* [Work to complete]:
Only one span of the listing below is wanted: the lines from the one with "Spring blossom, hand" through the one with "Oldenborg Zeus - Red", reproduced exactly, both ends kept.

* [Data shown]:

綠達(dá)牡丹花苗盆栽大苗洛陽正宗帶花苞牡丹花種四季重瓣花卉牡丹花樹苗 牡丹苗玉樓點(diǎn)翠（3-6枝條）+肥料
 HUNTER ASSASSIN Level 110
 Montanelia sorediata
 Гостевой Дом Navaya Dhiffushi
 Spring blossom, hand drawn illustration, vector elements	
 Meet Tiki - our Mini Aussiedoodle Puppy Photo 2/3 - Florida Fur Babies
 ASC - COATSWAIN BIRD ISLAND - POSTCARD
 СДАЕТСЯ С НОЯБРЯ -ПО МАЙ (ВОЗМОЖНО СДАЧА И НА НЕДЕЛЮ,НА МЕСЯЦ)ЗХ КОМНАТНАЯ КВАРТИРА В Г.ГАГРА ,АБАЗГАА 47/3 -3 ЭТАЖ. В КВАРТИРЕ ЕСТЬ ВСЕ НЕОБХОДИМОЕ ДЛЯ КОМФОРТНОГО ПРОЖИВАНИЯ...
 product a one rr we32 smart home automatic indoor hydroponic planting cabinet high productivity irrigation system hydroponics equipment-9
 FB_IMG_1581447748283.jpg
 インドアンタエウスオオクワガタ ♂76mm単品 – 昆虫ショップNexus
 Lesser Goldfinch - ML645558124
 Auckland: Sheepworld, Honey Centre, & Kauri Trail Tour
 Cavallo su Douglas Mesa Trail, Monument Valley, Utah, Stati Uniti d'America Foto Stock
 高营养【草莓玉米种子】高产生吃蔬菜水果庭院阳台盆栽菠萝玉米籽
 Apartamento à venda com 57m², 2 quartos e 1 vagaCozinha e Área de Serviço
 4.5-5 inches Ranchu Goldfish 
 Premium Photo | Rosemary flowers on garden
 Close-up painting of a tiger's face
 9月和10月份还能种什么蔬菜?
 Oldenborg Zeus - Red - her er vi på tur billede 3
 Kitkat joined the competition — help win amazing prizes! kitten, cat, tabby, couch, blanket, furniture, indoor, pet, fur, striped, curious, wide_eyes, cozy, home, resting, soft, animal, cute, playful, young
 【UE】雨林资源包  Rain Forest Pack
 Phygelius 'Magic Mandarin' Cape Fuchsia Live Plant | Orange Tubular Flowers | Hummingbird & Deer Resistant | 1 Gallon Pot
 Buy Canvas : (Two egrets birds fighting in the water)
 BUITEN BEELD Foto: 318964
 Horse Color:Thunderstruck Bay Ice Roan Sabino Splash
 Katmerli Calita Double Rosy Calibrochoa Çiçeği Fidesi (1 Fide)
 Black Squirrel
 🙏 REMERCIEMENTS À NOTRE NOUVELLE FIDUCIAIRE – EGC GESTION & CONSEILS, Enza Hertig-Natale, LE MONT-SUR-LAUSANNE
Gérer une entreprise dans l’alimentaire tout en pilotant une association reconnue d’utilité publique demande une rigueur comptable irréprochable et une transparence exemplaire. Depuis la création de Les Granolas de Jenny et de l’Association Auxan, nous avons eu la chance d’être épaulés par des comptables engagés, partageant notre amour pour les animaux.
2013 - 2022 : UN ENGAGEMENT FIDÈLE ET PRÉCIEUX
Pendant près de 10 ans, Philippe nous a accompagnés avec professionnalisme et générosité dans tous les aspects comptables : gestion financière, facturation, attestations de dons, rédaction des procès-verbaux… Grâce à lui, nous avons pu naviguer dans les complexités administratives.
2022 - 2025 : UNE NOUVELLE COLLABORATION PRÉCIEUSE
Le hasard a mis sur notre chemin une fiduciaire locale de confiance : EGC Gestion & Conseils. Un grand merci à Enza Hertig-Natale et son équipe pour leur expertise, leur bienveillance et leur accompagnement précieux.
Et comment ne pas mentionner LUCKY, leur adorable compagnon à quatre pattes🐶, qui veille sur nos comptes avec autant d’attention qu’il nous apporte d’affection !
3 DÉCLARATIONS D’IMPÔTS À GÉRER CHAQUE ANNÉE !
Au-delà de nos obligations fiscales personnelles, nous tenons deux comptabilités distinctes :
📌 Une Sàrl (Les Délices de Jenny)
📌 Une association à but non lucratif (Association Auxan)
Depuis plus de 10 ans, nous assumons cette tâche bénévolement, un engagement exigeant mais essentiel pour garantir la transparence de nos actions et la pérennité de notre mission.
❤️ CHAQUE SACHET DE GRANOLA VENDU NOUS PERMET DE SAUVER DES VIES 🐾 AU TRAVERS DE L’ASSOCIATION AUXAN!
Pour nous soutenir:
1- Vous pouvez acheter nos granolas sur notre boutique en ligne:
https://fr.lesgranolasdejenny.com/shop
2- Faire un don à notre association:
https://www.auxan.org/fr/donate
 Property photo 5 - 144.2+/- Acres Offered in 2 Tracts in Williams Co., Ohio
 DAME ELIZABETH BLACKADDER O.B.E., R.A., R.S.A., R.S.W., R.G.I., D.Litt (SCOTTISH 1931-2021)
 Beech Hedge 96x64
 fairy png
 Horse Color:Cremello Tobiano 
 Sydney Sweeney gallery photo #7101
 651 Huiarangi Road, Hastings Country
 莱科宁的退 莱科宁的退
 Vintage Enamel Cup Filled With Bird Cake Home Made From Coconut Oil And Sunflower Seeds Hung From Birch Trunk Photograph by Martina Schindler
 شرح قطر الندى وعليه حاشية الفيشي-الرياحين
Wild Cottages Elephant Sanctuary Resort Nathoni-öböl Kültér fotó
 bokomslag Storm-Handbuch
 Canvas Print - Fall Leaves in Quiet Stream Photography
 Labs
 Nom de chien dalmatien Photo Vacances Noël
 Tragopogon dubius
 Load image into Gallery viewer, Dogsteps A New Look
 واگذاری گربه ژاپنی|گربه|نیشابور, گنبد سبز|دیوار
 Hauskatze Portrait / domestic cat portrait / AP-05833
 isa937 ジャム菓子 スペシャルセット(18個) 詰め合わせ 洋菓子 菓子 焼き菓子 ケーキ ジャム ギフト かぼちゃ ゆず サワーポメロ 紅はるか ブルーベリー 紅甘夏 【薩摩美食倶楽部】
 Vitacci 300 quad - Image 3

* [Task result]:
 Spring blossom, hand drawn illustration, vector elements	
 Meet Tiki - our Mini Aussiedoodle Puppy Photo 2/3 - Florida Fur Babies
 ASC - COATSWAIN BIRD ISLAND - POSTCARD
 СДАЕТСЯ С НОЯБРЯ -ПО МАЙ (ВОЗМОЖНО СДАЧА И НА НЕДЕЛЮ,НА МЕСЯЦ)ЗХ КОМНАТНАЯ КВАРТИРА В Г.ГАГРА ,АБАЗГАА 47/3 -3 ЭТАЖ. В КВАРТИРЕ ЕСТЬ ВСЕ НЕОБХОДИМОЕ ДЛЯ КОМФОРТНОГО ПРОЖИВАНИЯ...
 product a one rr we32 smart home automatic indoor hydroponic planting cabinet high productivity irrigation system hydroponics equipment-9
 FB_IMG_1581447748283.jpg
 インドアンタエウスオオクワガタ ♂76mm単品 – 昆虫ショップNexus
 Lesser Goldfinch - ML645558124
 Auckland: Sheepworld, Honey Centre, & Kauri Trail Tour
 Cavallo su Douglas Mesa Trail, Monument Valley, Utah, Stati Uniti d'America Foto Stock
 高营养【草莓玉米种子】高产生吃蔬菜水果庭院阳台盆栽菠萝玉米籽
 Apartamento à venda com 57m², 2 quartos e 1 vagaCozinha e Área de Serviço
 4.5-5 inches Ranchu Goldfish 
 Premium Photo | Rosemary flowers on garden
 Close-up painting of a tiger's face
 9月和10月份还能种什么蔬菜?
 Oldenborg Zeus - Red - her er vi på tur billede 3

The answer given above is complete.